Maybe the teddy bears in the cars of some Shanghainese men is part of what gives them the reputation of being a bit girlie. Maybe it is the over-use of the word “lovely” when speaking English. Who knows exactly what it is, but the reputation exists. Unsurprisingly, Huang Qing, the Shanghainese writer of the article, questions the results of a survey which reinforced the image of effeminate Shanghainese men in the mind-sets of their countrymen in different regions:
Shanghai men are often ridiculed by outsiders as not being “manly” these days. This is how my colleague’s husband reacted to a newspaper report that claimed 73 per cent of Shanghai’s male white-collar workers are willing to be stay-at-home husbands.
Without causing too much surprise, Huang finds many “encouraging” aspects of this report, and with no small amount of bias and prejudice, he muses: “Despite the not-so-optimistic reality, I do believe Shanghai men, probably more than men from anywhere else in this country, care more about their families.”
Huang also makes the equally ridiculous claim that as Yao Ming and Liu Xiang grew up in Shanghai, it means that Shanghainese men must be masculine and strong too:
How about Yao Ming? The giant man famous in today’s basketball world is from Shanghai. How about Liu Xiang? The man who brought China the 110-metre-hurdles gold medal at the 2004 Athens Olympic Games is also from Shanghai. If sports is any yardstick to measure the masculine, perhaps these two are the best images of Chinese men. The same social and cultural environment that has nurtured Yao and Liu has nurtured Shanghai men.
And so another chapter in the incessant “which province is best in China and why” is opened …
At the end of the article, after crying “[l]eaving gender discrimination aside, why single out Shanghai men?
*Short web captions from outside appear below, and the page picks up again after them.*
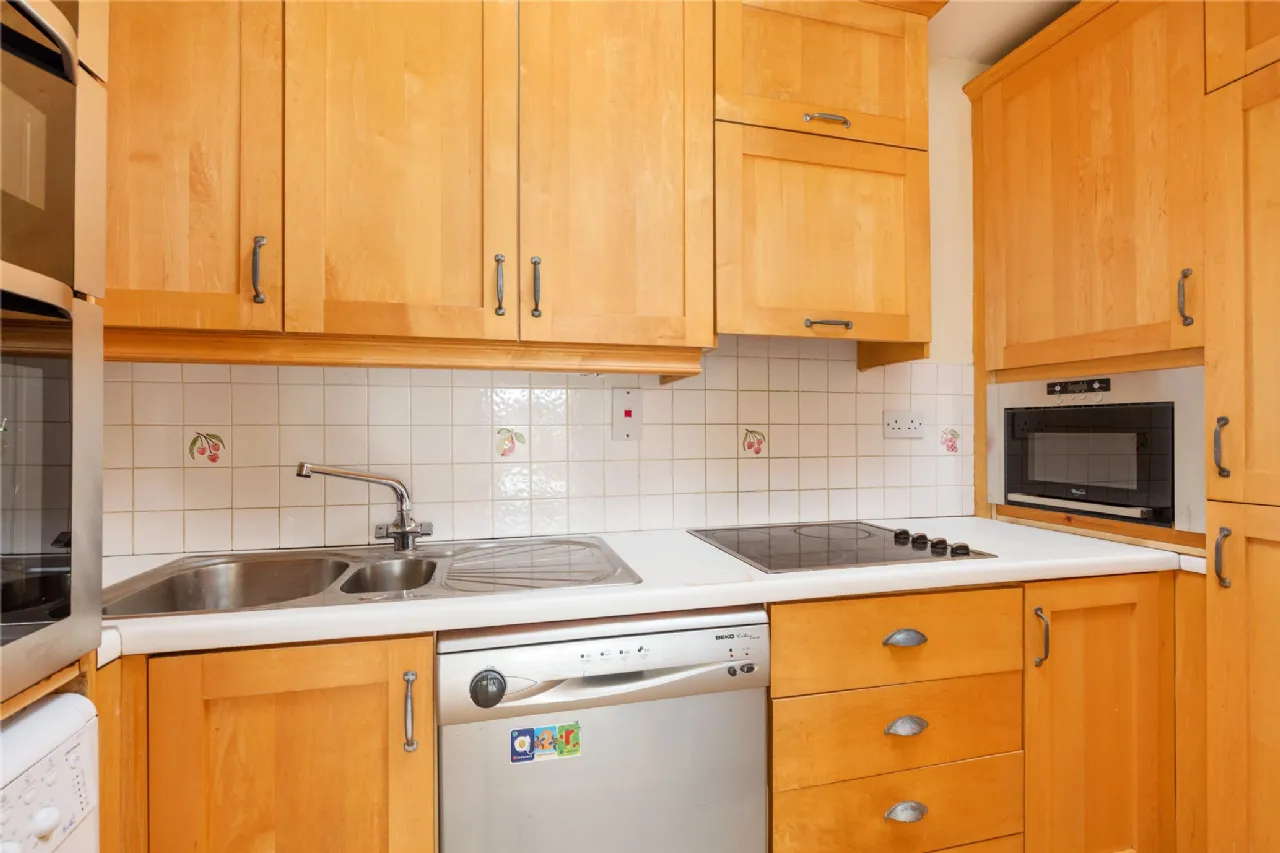 Photo of 79 The Richmond, North Brunswick Street, Dublin 7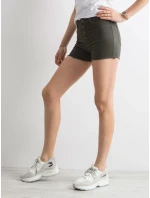 Šortky JMP SN A95 22.16P khaki Šortky JMP SN A95 22.16P khaki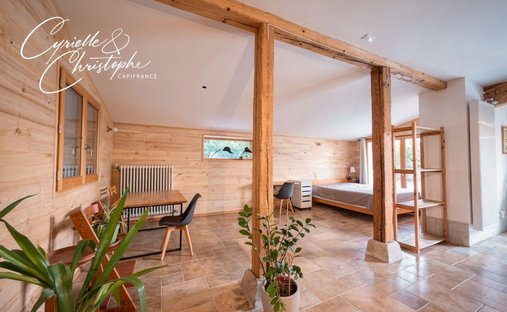 Casa en Saint-Andre-de-Sangonis, Occitania, Francia 1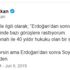 'Soylu Erdoğan sonrasına hazırlanıyormuş, onu odunla kovarlar partiden'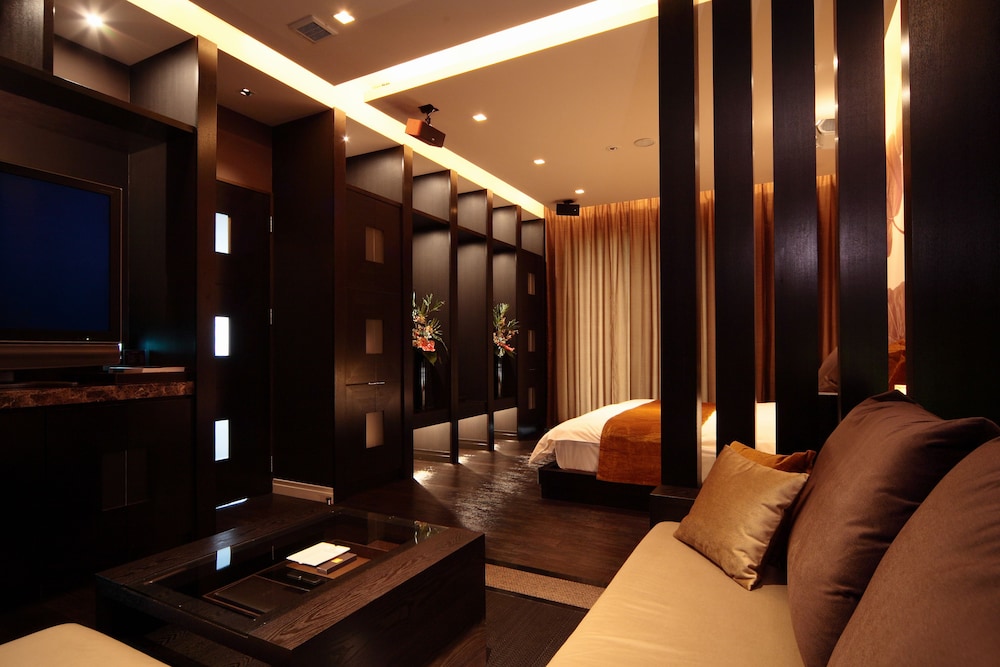 Executive Suite, Non Smoking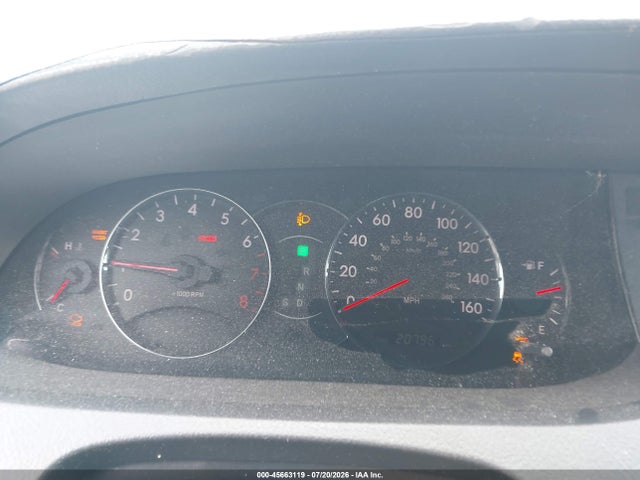 2007 Toyota Avalon Touring მანქანა იყიდება აუქციონზე, vin: 4T1BK36B67U195467, აუქციონის ნომერი: 45663119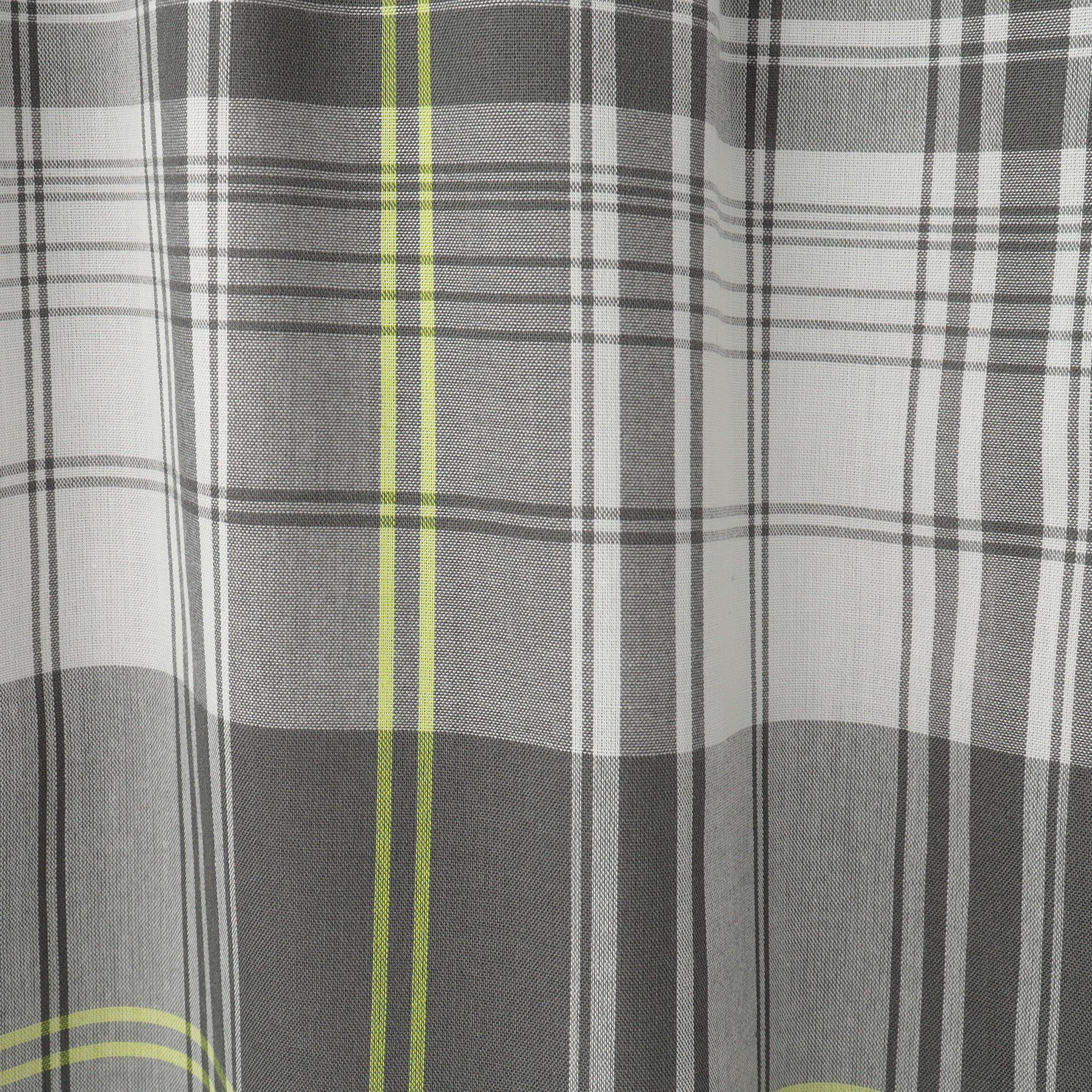 Dessin「【リンクコーデ】ガーゼチェックチュニックワンピース」|ワンピース|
There are abundant men who are good at cooking in other regions, too”, Huang concludes with:
But Chinese are region-conscious and the deep-rooted local identity often leads blindly to regional superior complex … The issue of geographical discrimination may take a long time to disappear unless we make extra efforts to squarely face it.
However he has not been able to make such an effort himself, particularly when blithely, vaguely, and bizarrely claiming that Shanghainese men “care more about their families” than do men in other regions.
If you live in a Shanghainese household, you won’t have to wait long before you hear that women from other provinces like coming to Shanghai as Shanghainese men “make good husbands” — in no small part due to their willingness to allow the women sole responsibility of the family’s finances.
Do our un-biased and attractive readers think the stereotype of Shanghainese men is a fair one?